Alpay Asar, “İktidar hangi dili işitir?”, Virgül, Sayı 10, Temmuz Ağustos 1998
Yaşam üzerine çok boyutlu düşünme bağlamında, bir kılavuz niteliği taşıyan Barthes'ın bu denemelerinin bütünüyle okunması gerekir. Ama bana sorsanız şu iki denemeyi daha bir dikkatli okumak gerek: "Dominici ya da Yazının Utkusu" ve "Dupriez Davası". Hatta işi biraz daha ileri götürüp bu iki "deneme"yi okumak bile yeter diyebiliriz:
Dominici, bu yaşlı ve bilisiz Fransız köylüsü, 1952 yılında, kendi köyevinin yakınında kamp kuran Sir Jac Drummond adlı bir İngiliz turist ile eşini öldürmekle suçlanmış ve idamına karar verilmişti.
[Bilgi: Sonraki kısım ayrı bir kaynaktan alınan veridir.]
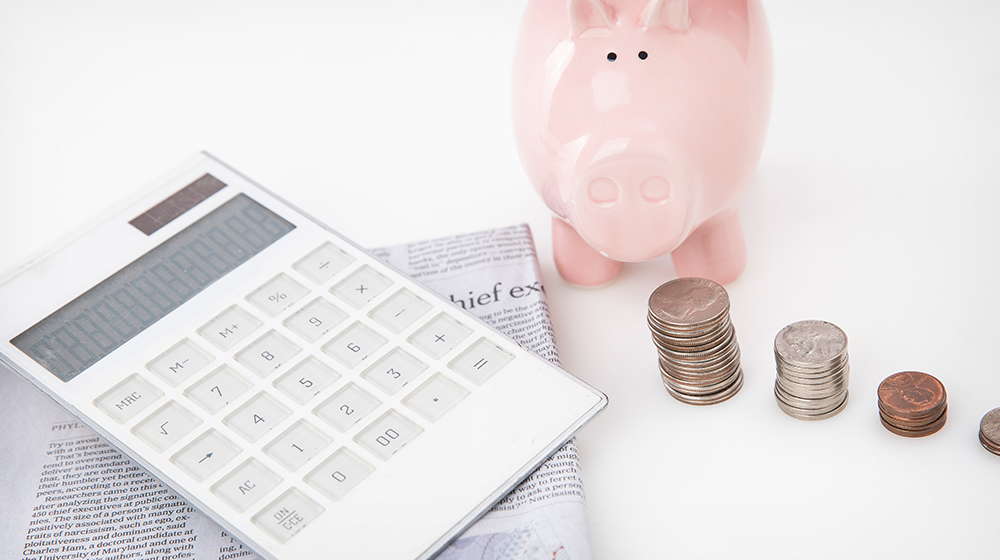 지원내용 이미지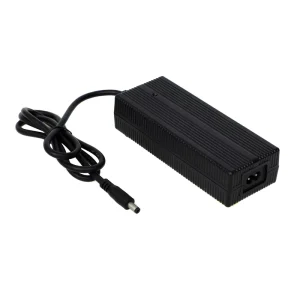 12 Volt 5 Amp Power Adapter 12V 60W Power Supply 100-240VAC 110V 220V AC to 12V DC Power Supply LED Driver 60W
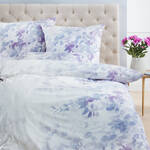 Produktbild f�r 'Feine Mako-Batist Bettw�sche f�r die warme Jahreszeit'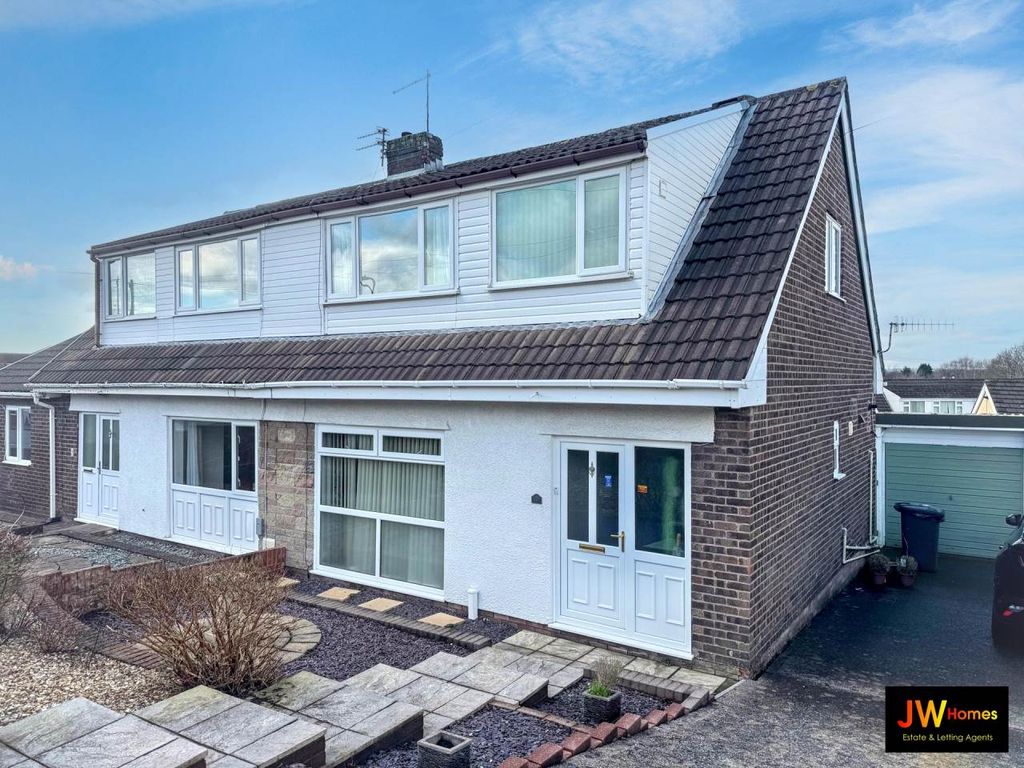 Property photo 1 of 16 Ext (8)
Barthes, yargı tutanaklarına dayanarak yaşlı ve bilisiz bir Fransız köylüsü ile ağırceza yargıcının dillerinin (Fransızca konuşmalarına karşın) birbirini tutmadığını, "hiçbir şeyi sızdırmayan bir kapalılık" içinde olduklarını vurguluyor. Evet, iki ayrı dil, ama biri "yasayı ve gücü" kendi yanına almış durumda.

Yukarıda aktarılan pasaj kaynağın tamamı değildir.